Dahlgren shrugged. "They're non-nuclear, just a few kilograms of high explosive each. Frankly, sir, they look almost handmade."

Lleshi exchanged frowns with Campbell. "Did he say primitive or pathetic?" Campbell asked. "What in the worlds do they think they're doing?"

"Maybe trying to distract us," Telthorst put in. "Ever think of that?"

Lleshi lifted his eyebrows to Dahlgren. "Lieutenant?" he invited.

"No other craft showing, in either inner or outer scan range," Dahlgren said. "And we're coming to the edge of the main asteroid mass, which means they're running out of places to hide. I suppose they could have mines planted on some of the rocks we haven't passed yet, but if so they're going to be pretty low-yield."

"And still only HE?" Lleshi asked.

"No radiation readings to indicate nuclear."

"I don't like it," Telthorst growled. "They can't just be sacrificing men and mining ships this way. I strongly recommend we launch fighters and engage them at a safe distance from the Komitadji."

Again, Lleshi and Campbell exchanged glances, this time looks of mutually strained patience. "That won't be necessary, Mr. Telthorst," Lleshi said. "The Komitadji's defenses are quite capable of dealing with this threat."

"Unless it's a feint."

"It's not a feint," Lleshi said, feeling his temper beginning to strain. "This is the tactics of desperation; nothing more. The Empyreals are throwing whatever they have at us in an attempt to slow us down until they can bring real warships into the system."
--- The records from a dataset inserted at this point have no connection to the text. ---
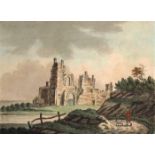 John Nixon (ca. 1760-1818) MAN AND DOG BEFORE CASTLE RUINS watercolour 6½ x 8¾in. (16.51 x 22.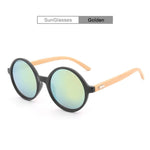 Q Fashion Bamboo Sunglasses Round Brand Designer Goggles Women Sunglasses Lentes Oculos De Sol Vintage Sun Glasses UV400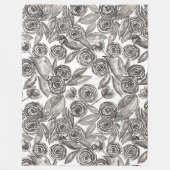 Couverture Polaire Motif d'aquarelle moderne noir blanc (Devant)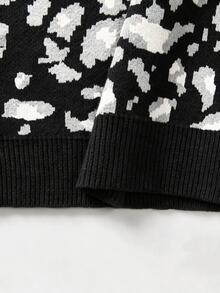 SHEIN 秋假穿搭優雅性感女款上衣休閒女式襯衫米色豹紋適合外出夜生活 - 黑色 - 查看 8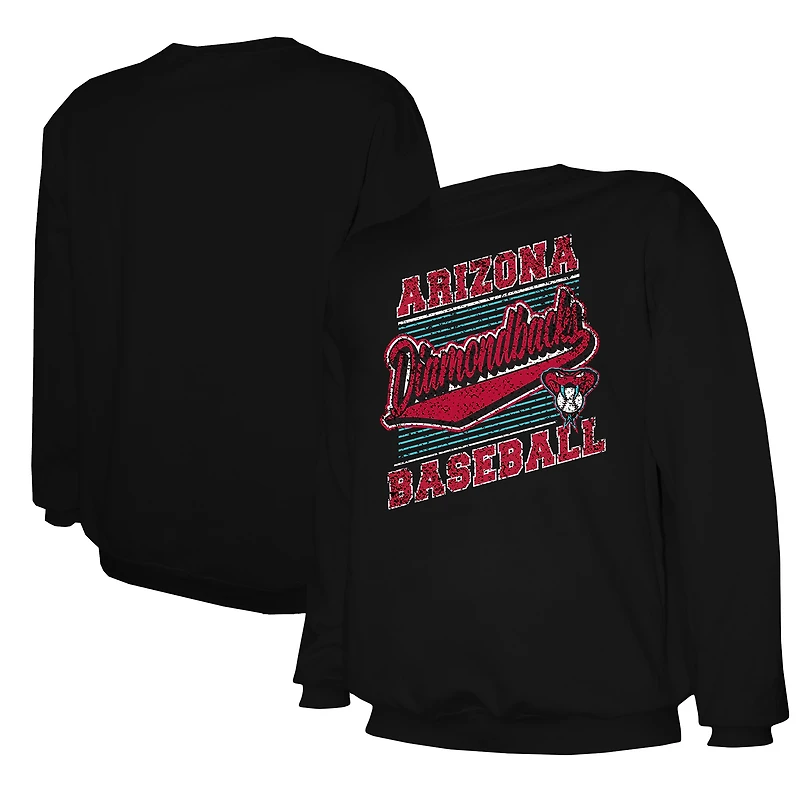 Men's Stitches Black Arizona Diamondbacks Lightweight Crew Sweatshirt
"They almost certainly don't realize there's still a net left in the system and that we control it,"

Campbell added. "They'll be counting on defense forces from the other four systems being able to sweep in on us. With that assumption, any delaying action will seem reasonable to them, no matter what the cost."

"At any rate, dropping and regathering fighters would take time I'm not willing to waste," Lleshi concluded.

"What's the hurry?" Telthorst asked. "As you say, there's nothing the Empyreals can do."